Up to and including the line that holds "Sencor - mixér", copy every line of the records below exactly, starting at the first; leave pictures out.

START Input for this task

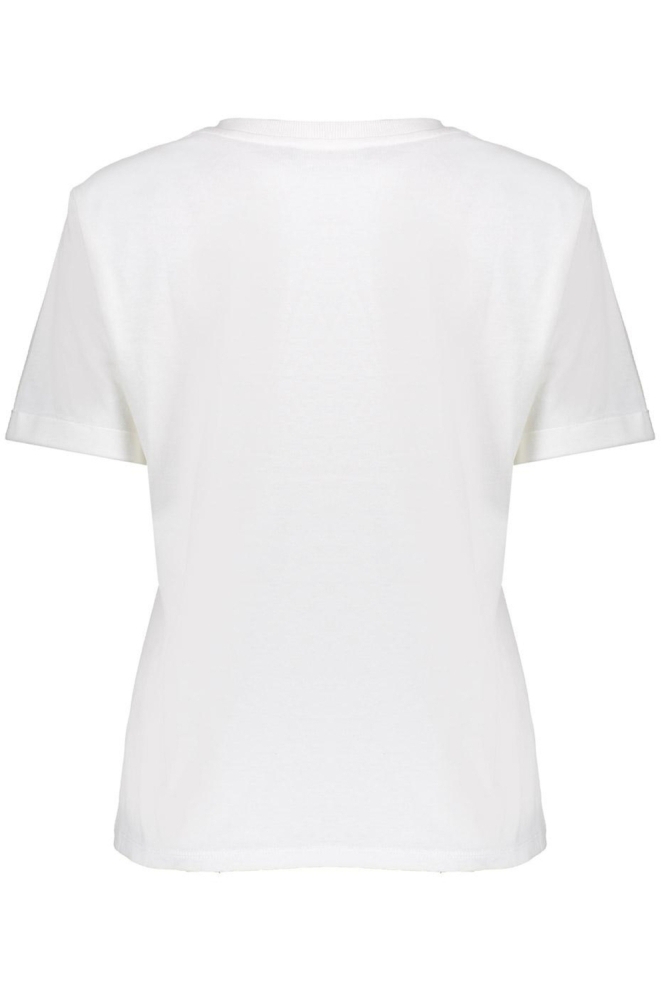 Geisha witte dames t-shirt | Achteraanzicht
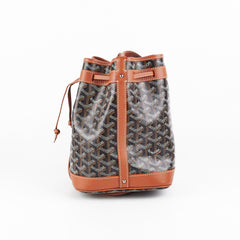 ITEM 2 - Goyard Petite Flot Bucket Bag Black/Tan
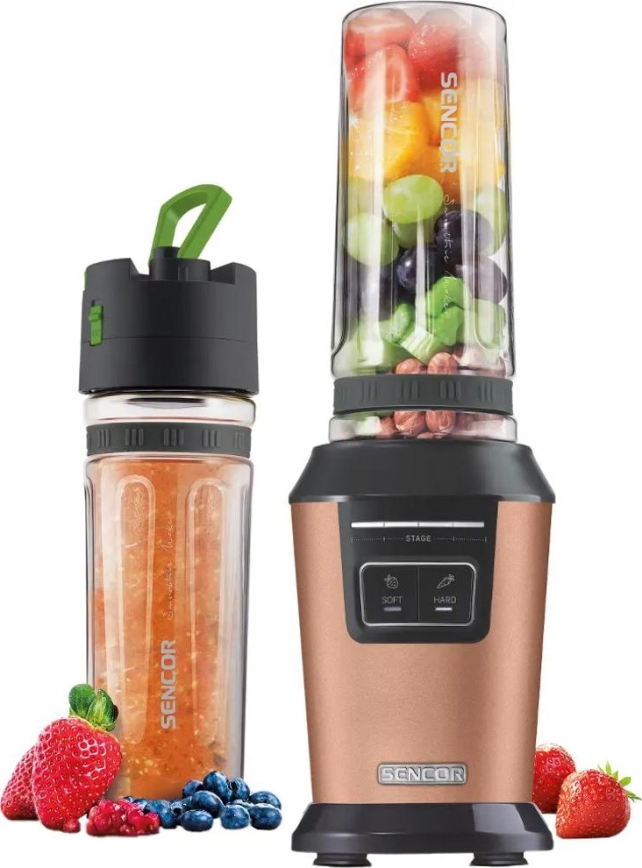 Sencor - mixér na smoothie s príslušenstvom 800W/230V medený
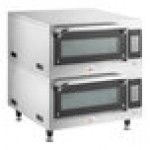 Cooking Performance Group HSIO-H-2 Electric Ventless Stainless Steel Double Deck High-Speed Impingement Oven - 208/240V, 1 Phase Cooking Performance Group HSIO-H-2 Electric Ventless Stainless Steel Double Deck High-Speed Impingement Oven - 208/240V, 1 Phase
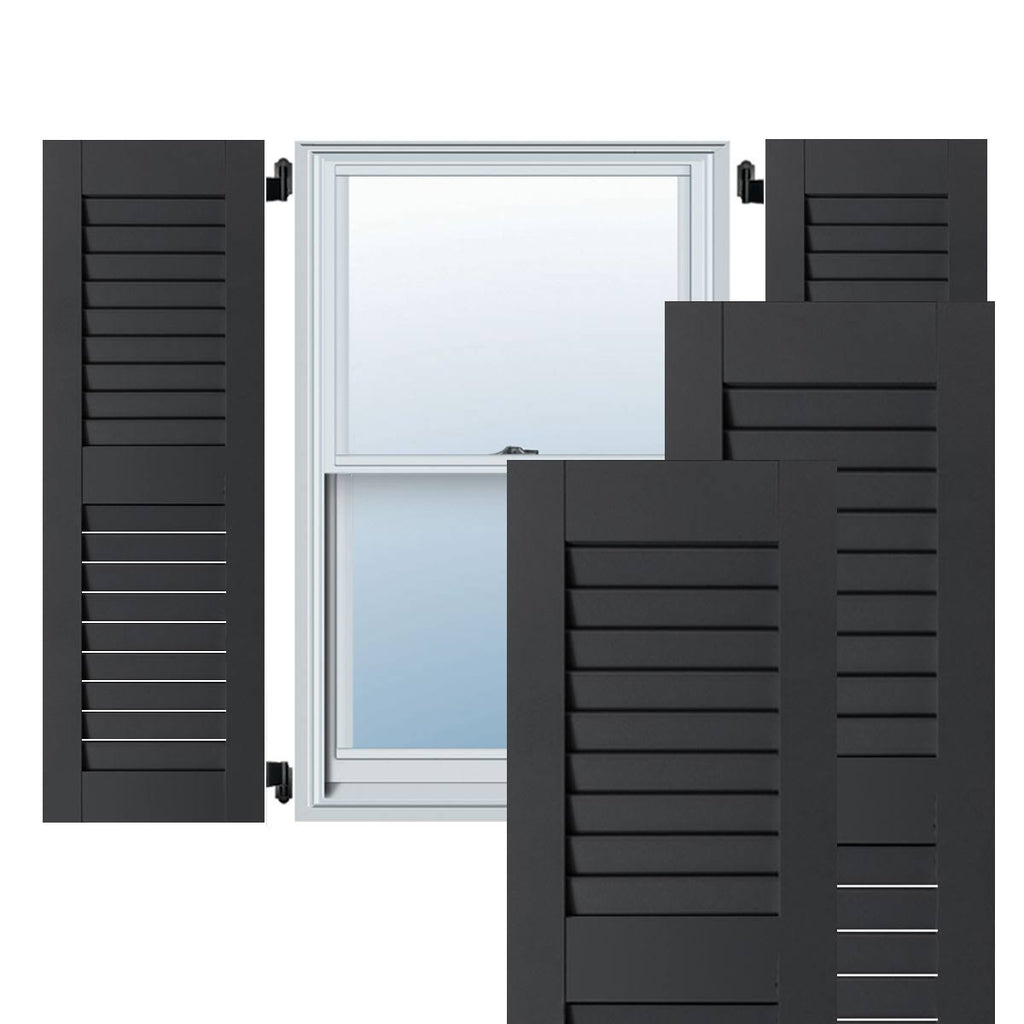 12x22 x 25 Open Louvered Cedar Shutters (Per Pair) C757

END Input for this task

* **Task response**:
 Geisha witte dames t-shirt | Achteraanzicht
 ITEM 2 - Goyard Petite Flot Bucket Bag Black/Tan
 Sencor - mixér na smoothie s príslušenstvom 800W/230V medený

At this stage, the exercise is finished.